Seule nuance : via Parcoursup, ces formations universitaires ne peuvent répondre que "oui" ou "oui mais". La réponse "oui" signifie que cette dernière est prononcée sans aucune réserve, donc que le candidat est considéré comme ayant de réelles chances de réussite, pour peu bien sur qu'il mettre véritablement en œuvre les connaissances et compétences précédemment acquis au lycée. Toutefois, si les membres du jury considèrent que le décalage entre les "attendus" et le bilan scolaire et personnel du candidat est trop grand, et fait donc courir un trop important risque d'échec, ils peuvent répondre "oui mais" (par contre une réponse "non" leur est interdite). Dans ce cas, non seulement le candidat est informé à l'avance qu'il court un grand risque d'échec, mais il se verra le plus souvent proposer un dispositif personnalisé obligatoire d'accompagnement. Ces dispositifs sont à géométrie très variables : ce peut être un étalement de la première année sur deux ans, du tutorat en certaines disciplines, etc. A cet égard, on peut regretter que, faute de moyens ou de volonté pour le faire, certaines licences universitaires ne proposent rien ou pas grand chose de tel.

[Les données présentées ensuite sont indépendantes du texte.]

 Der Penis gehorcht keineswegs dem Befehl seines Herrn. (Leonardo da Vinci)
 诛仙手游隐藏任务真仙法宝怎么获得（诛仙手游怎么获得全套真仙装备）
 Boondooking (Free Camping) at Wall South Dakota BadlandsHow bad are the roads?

En 2018/2019, plus de 70% des places à prendre en première année d'un premier cycle licence étaient strictement non sélectives.
- Les licences de l' "entre deux", officiellement non sélectives, mais n'offrant que des capacités d'accueil insuffisantes pour accueillir tous les candidats :
Les deux catégories de premiers cycles universitaires qui précèdent ont la vertu de présenter des règles de recrutement claires : strictement non sélectives ou clairement sélectives. Les choses seraient simples si le panorama des premiers cycles universitaires se limitait à ces deux cas de figure. Il n'en est hélas rien : une partie de ces formations sont officiellement qualifiées de "non sélectives", mais n'offrent que des capacités d'accueil trop limitées pour pouvoir accueillir l'ensemble des candidats.

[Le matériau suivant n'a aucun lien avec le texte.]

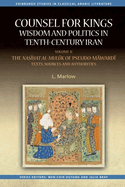 Counsel for Kings: Wisdom and Politics in Tenth-Century Iran: Volume II: The Naat al-mulk of Pseudo-Mward: Texts, Sources and Authorities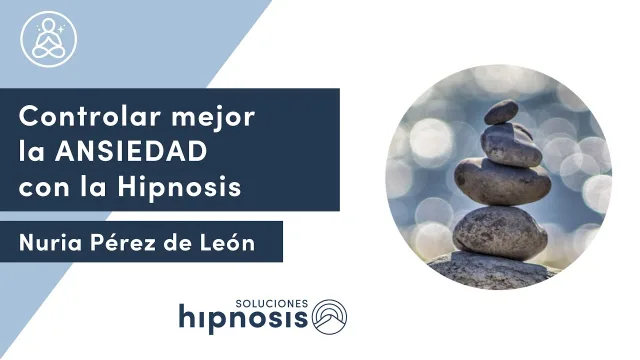 Controlar mejor la ANSIEDAD con la Hipnosis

Dans son numéro daté du 7 mars 2019, la revue "Le Nouvel Observateur" a publié un article signé Gurvan Le Guellec : "Quand la fac devient sélective". Pour faire sa démonstration, le journaliste s'appuie sur les taux d'admis en 2018 dans cinq filières "très convoitées" : droit, économie-gestion, sciences et techniques des activités physiques et sportives, psychologie et sciences de la vie.
Il y observe et compare les taux d'admission, université par université, et constate que si dans nombre de ces dernières les formations en question sont de facto non sélectives, dans une partie d'entre elles, il a été nécessaire de ne retenir qu'une partie des candidats, donc de procéder à une certaine forme de régulation des flux à l'entrée (le journaliste utilise le mot "sélection"). Prenons l'exemple tiré de cet article des licences de droit : 58 universités ont pu donner satisfaction à l'ensemble des demandeurs d'admission, et sont donc été non sélectives en 2018. Mais dans une vingtaine de cas, il n'a pas été possible d'accueillir tous les demandeurs d'admission. On note que, parmi les dix premiers cycles de droit les plus "sélectifs", figurent sept universités d'Ile-de-France , dont les trois les plus sélectives de France : Paris/Panthéon-Sorbonne, Paris/Panthéon-Assas et Paris/Sud-Sceaux.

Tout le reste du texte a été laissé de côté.